Ele aponta outras barreiras para o crescimento das exportações de software e serviços do Brasil. A carga tributária, muito superior à de outros países, também prejudica a competitividade brasileira. "E a nossa legislação trabalhista, feita para operário da década de 30, não funciona para empregados de tecnologia do século 21."

A qualidade da mão-de-obra brasileira está atraindo empresas indianas, como a Satyam, e mexicanas, como a Softtek, para o País. "O perfil dos profissionais de TI no Brasil é fantástico", diz Miguel Saldiva, diretor de Serviços de Outsourcing da Softtek. A empresa têm 700 funcionários no Brasil, só quatro mexicanos. Daqui, a empresa exporta serviços para os Estados Unidos e a Europa. "A qualificação técnica é muito boa aqui, mas falta falar a língua inglesa de forma correta", diz Saldiva. "No México, o governo está fazendo um forte investimento para a população falar inglês."

A subsidiária brasileira da EDS planeja contratar mais de 1,5 mil pessoas no ano, a maioria para atender a clientes no exterior. A companhia fechou 2005 com cerca de 6,8 mil funcionários. Na área de infra-estrutura, eram 300 pessoas prestando o serviços como seguranças de redes, monitoração de servidores e suporte técnico.

A expectativa é multiplicar a equipe pelo menos por três. Em desenvolvimento de software, eram 800 profissionais. Para o fim do ano, a empresa pretende chegar a 1,5 mil ou 2 mil.
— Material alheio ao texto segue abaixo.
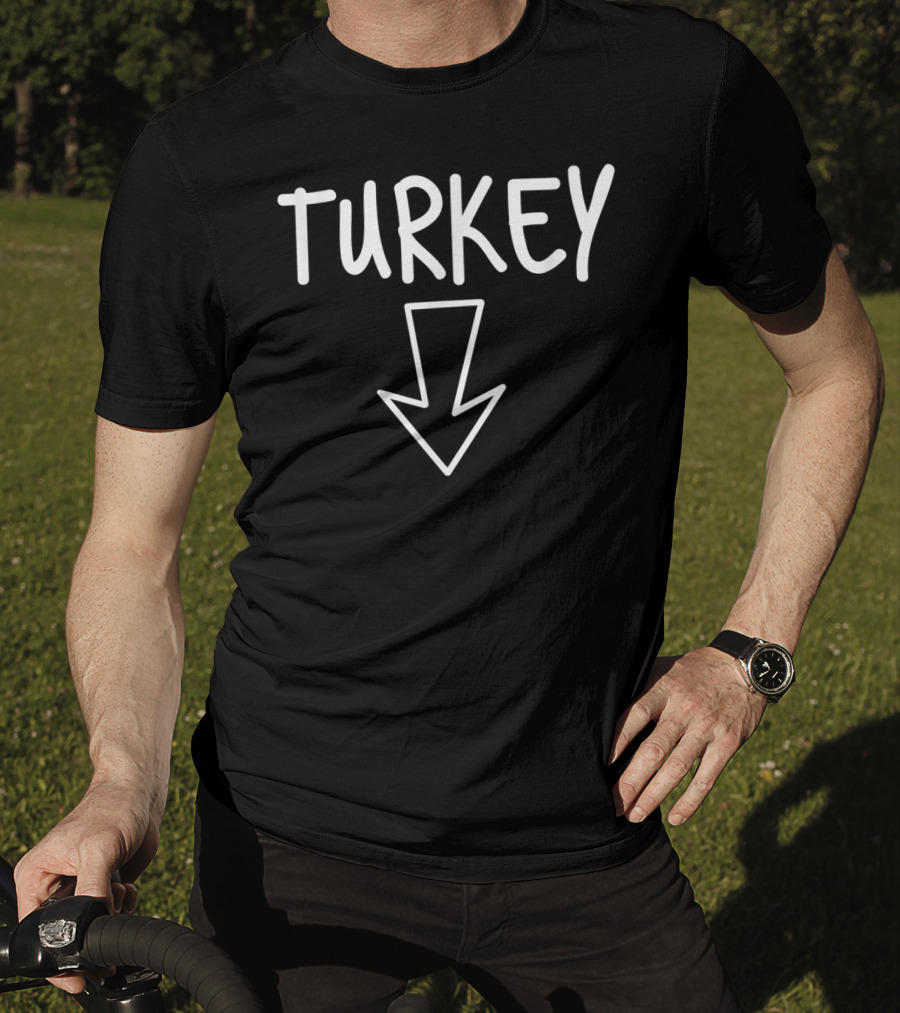 Turkey Down Arrow Thanksgiving Baby Announcement T-Shirt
A TCS do Brasil, da indiana Tata, tinha cerca de 220 funcionários em março de 2005, quando encerrou o último ano fiscal. Espera chegar a 600 no mês que vem e a 1,5 mil até o fim do ano. "A exportação já corresponde a de 8% a 10% do faturamento, mesmo sem fazer parte da estratégia", afirmou Sérgio Rodrigues, presidente da TCS do Brasil. "Fomos totalmente reativos. Em 2 ou 3 anos, a exportação pode chegar a 25% do faturamento."